"Queer old fellow," mused Winn to himself two hours later, after he had parted from Jess, "but I doubt if he buys much of this quarry stock." It is likely that surmise would have been a positive certainty if Jess Hutton, with horse sense as hard as this granite ledge and wits as keen as the briars that grew on top of it, had known that the quarry he had sold for two thousand dollars and considered it well paid for, was the sole basis for a stock company capitalized at one million dollars. But he did not, and neither does many another blind fool who buys "gilt-edged" stock in gold mines, oil wells, and schemes of all sorts, know that his investment rests on as insecure and trifling a basis; for the world is full of sharpers who continually set traps for the unwary and always catch them, and, although their name is legion, their dupes are as the sands of the sea.

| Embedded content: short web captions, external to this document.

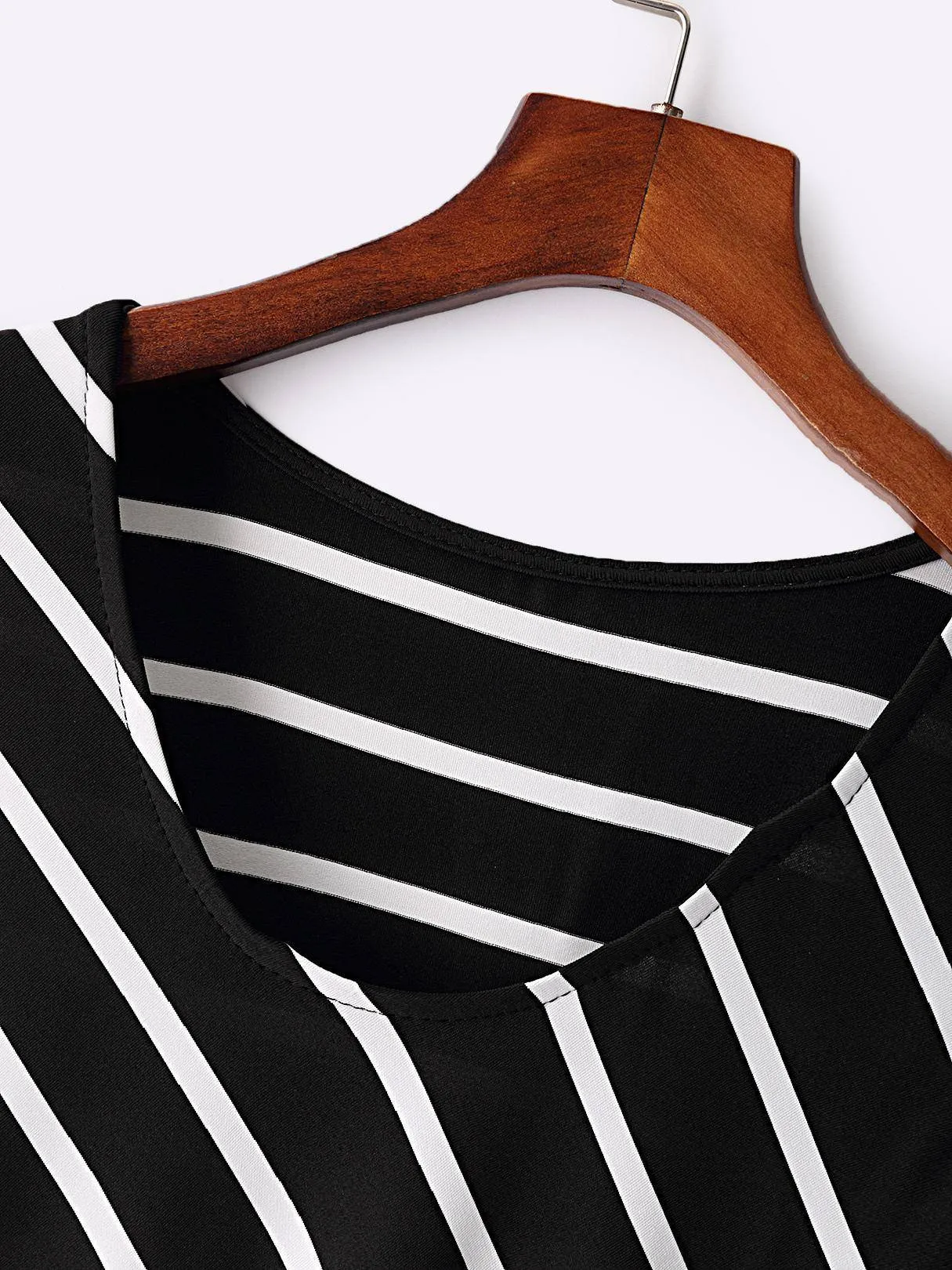 Black Striped Scoop Neck Asymmetrical Maxi Dress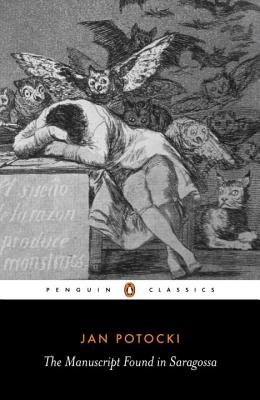 The Manuscript Found in Saragossa by Jan Potocki, book cover. Black and white illustration of a person with their legs crossed and head down as owls surround them.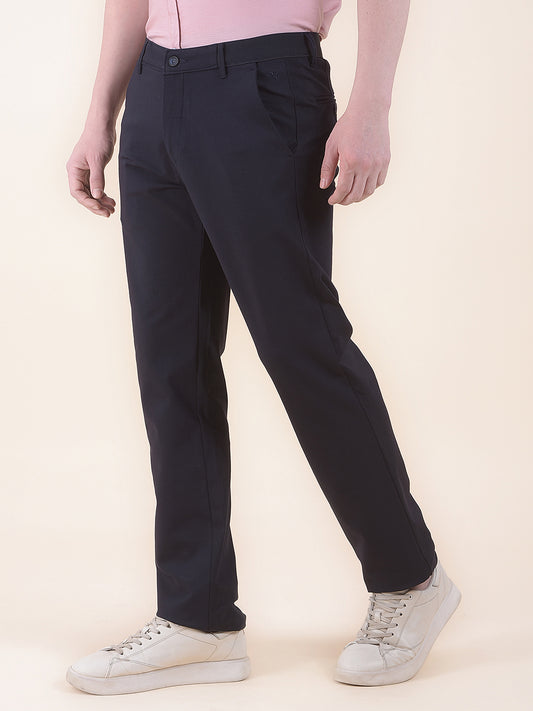 Men's Black Smart Fit Solid Casual Trouser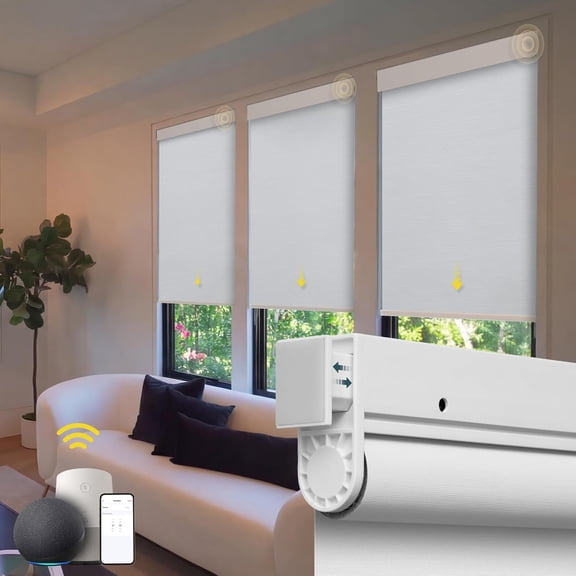 Motorized Blinds No Drill Automatic for Windows Cordless Roller Shades Electric with Remote Control Smart (White, 34.5 x 72)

But of Winn Hardy, who had come to Rockhaven, as he honestly believed and felt, to carry out a legitimate business enterprise, it must not be thought that he for one moment understood the deep-laid schemes of J. Malcolm Weston, for he did not. While the ratio of value between the capitalization of the Rockhaven Granite Company and the original cost of the quarry seemed absurd, it did not follow but that Weston & Hill might not intend actually to put capital into it sufficient to warrant such an issue of stock. All of which would go to show that Winn Hardy had not as yet entirely escaped the trammels of his inherited honesty and bringing up, which insensibly led him to judge others by himself.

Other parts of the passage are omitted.